This should be cleaner now with a call into TRI instead of grabbing my own registers.

arsenm added inline comments.Jun 22 2023, 10:13 AM
llvm/lib/Target/AMDGPU/GCNPreRALongBranchReg.cpp
87

Just isMetaInstruction is fine, it's a superset of isDebugIstr

103

Don't need a specific instruction offset, just the block distances are good enough

crobeck updated this revision to Diff 533713.Jun 22 2023, 11:43 AM

remove specific instruction offsets from distance calc

crobeck marked 2 inline comments as done.Jun 22 2023, 11:44 AM
crobeck updated this revision to Diff 533731.Jun 22 2023, 12:30 PM

variable, pointer/reference clean up

crobeck updated this revision to Diff 533956.Jun 23 2023, 7:30 AM

invert to reserve register by default and then have pass remove the register if unneeded

crobeck marked an inline comment as done.Jun 23 2023, 7:38 AM
arsenm added inline comments.Jun 23 2023, 3:04 PM
llvm/lib/Target/AMDGPU/GCNPreRALongBranchReg.cpp
117–118

I don't see how this can fail unless you're using amdgpu-num-sgprs (and this is one of the reasons it should be removed)

120

I would assume this is already noregister if this failed

I think you misunderstood what I was saying about reserve first and release later. I meant in the compile pipeline, not in the pass itself. You can find the reserved register in finalizeLowering, and then have this pass unset and un-reserve. I don't know if we have an exposed helper to clear reserved registers. You can do that as a follow up,

121

If you actually did modify the MFI register this should be a return true

144

This should be return true if you modified MFI

llvm/lib/Target/AMDGPU/SIInstrInfo.cpp
2623

Should also skip the enterBasicBlockEnd above

crobeck updated this revision to Diff 534108.Jun 23 2023, 3:58 PM

remove unnecessary set functions

crobeck marked 3 inline comments as done.Jun 23 2023, 4:00 PM
crobeck added inline comments.
llvm/lib/Target/AMDGPU/GCNPreRALongBranchReg.cpp
117–118

It failed in some test cases where all the SGPRs were already used from inline asm

120

Yes, you're right I can remove that set function.

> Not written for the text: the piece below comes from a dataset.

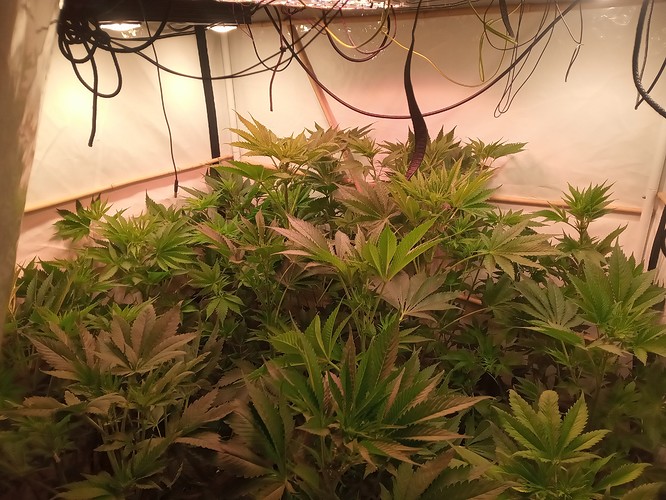 Growreport Bild 24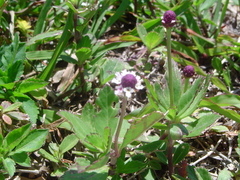 Phyla nodiflora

Got it. OK, that makes sense.

crobeck updated this revision to Diff 534113.EditedJun 23 2023, 4:18 PM
crobeck marked an inline comment as done.

skipping some of register scavenging if we already have a reserved register

llvm/lib/Target/AMDGPU/SIInstrInfo.cpp
2623

There is some init of MBB in enterBasicBlockEnd that breaks things if I skip it entirely. But I think I can get away will skipping some of it.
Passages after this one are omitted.